** Opening Record excerpts block **

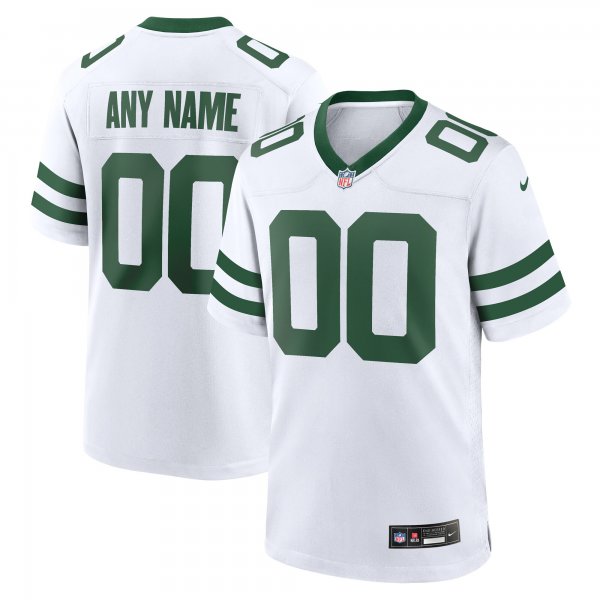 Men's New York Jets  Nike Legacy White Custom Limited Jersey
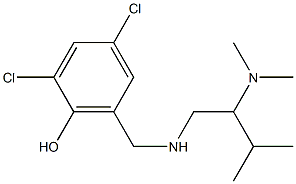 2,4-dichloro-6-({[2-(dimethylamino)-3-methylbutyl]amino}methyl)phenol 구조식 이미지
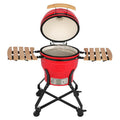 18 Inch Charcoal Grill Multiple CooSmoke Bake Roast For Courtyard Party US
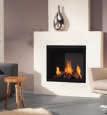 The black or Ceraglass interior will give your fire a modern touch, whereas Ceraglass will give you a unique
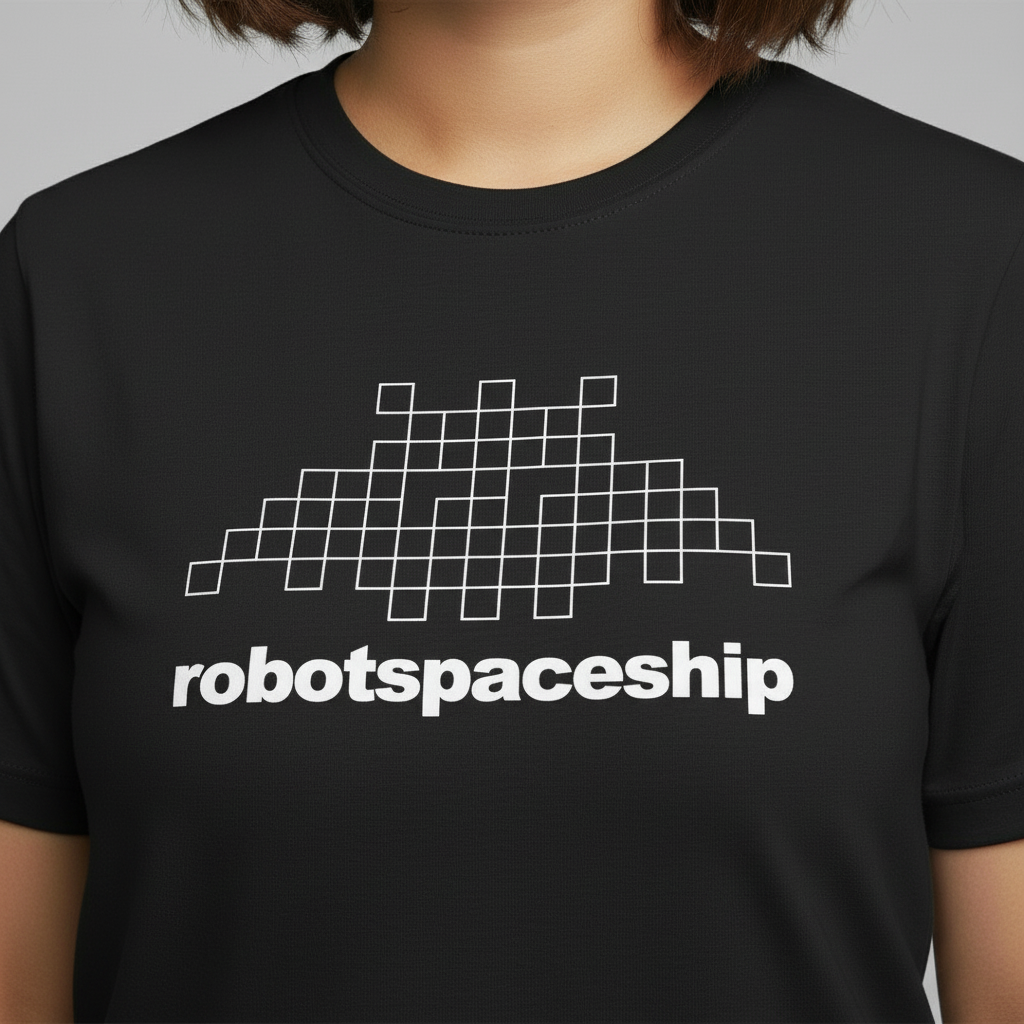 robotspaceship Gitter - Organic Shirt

** Closing Record excerpts block **
** Opening Record excerpts block **

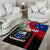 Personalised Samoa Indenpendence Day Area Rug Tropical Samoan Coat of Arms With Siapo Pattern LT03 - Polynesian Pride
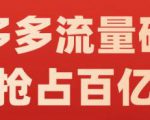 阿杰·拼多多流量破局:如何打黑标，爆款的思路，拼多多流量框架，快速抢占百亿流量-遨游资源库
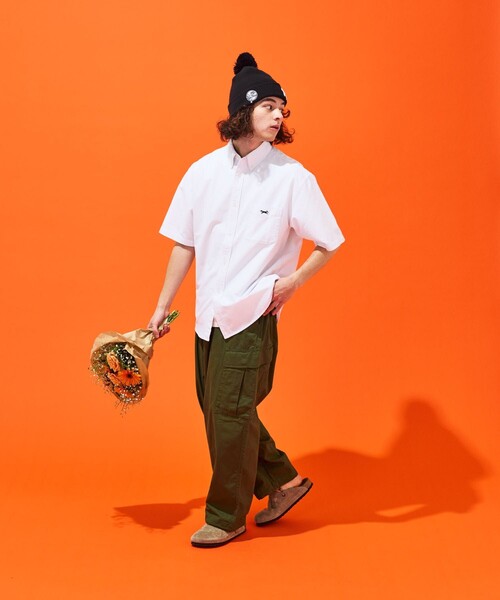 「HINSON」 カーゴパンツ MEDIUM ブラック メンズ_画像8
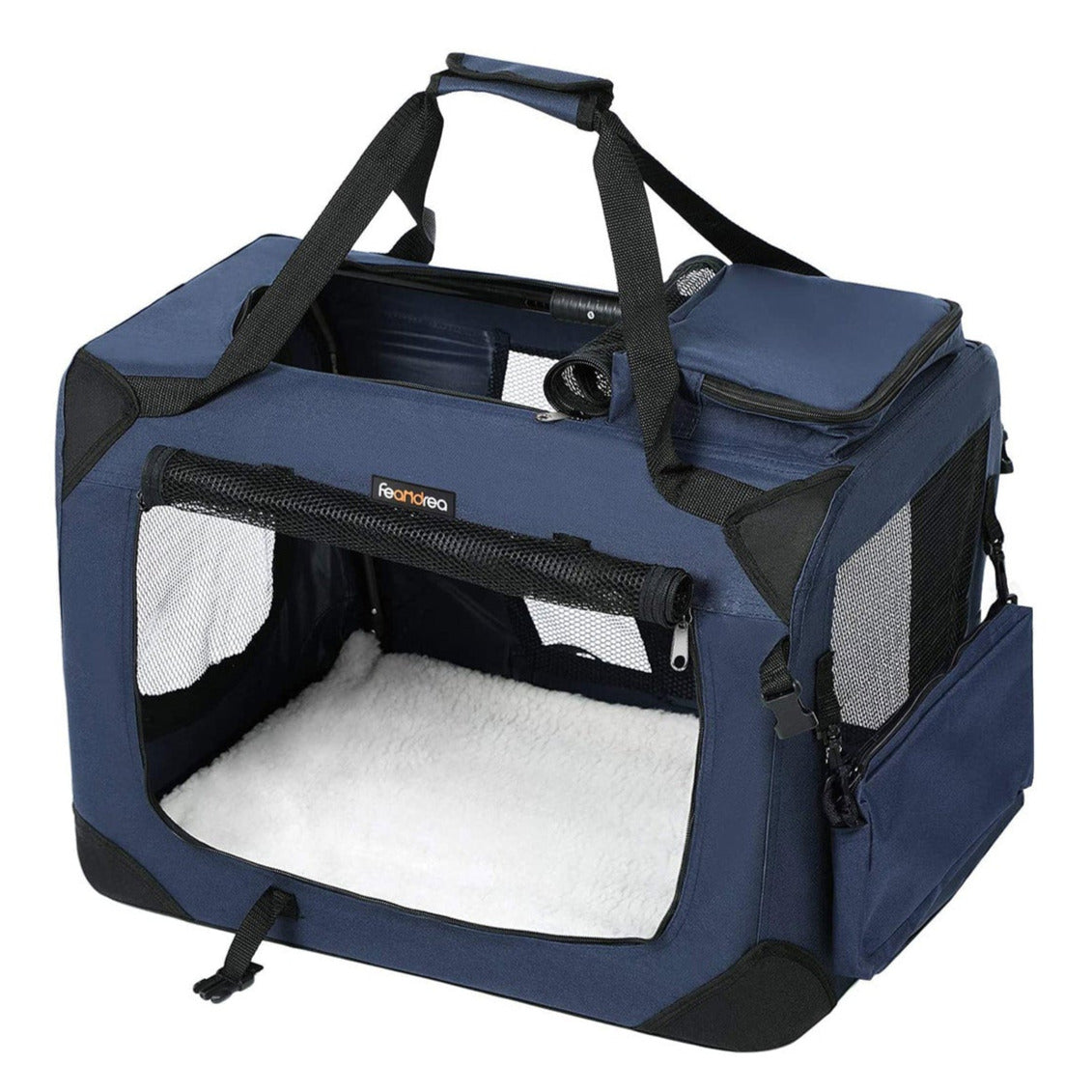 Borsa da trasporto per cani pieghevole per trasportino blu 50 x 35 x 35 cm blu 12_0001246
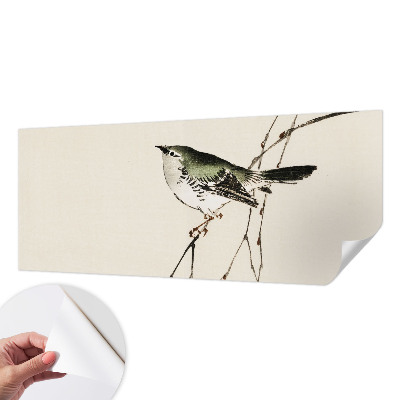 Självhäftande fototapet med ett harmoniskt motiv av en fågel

** Closing Record excerpts block **

*Work required*:
From the records above, transcribe only the stretch from the line with "Men's New York" through the line with "robotspaceship Gitter - Organic Shirt", keeping both ends. Omit pictures.

*Task solution*:
 Men's New York Jets  Nike Legacy White Custom Limited Jersey
 2,4-dichloro-6-({[2-(dimethylamino)-3-methylbutyl]amino}methyl)phenol 구조식 이미지
 18 Inch Charcoal Grill Multiple CooSmoke Bake Roast For Courtyard Party US
 The black or Ceraglass interior will give your fire a modern touch, whereas Ceraglass will give you a unique
 robotspaceship Gitter - Organic Shirt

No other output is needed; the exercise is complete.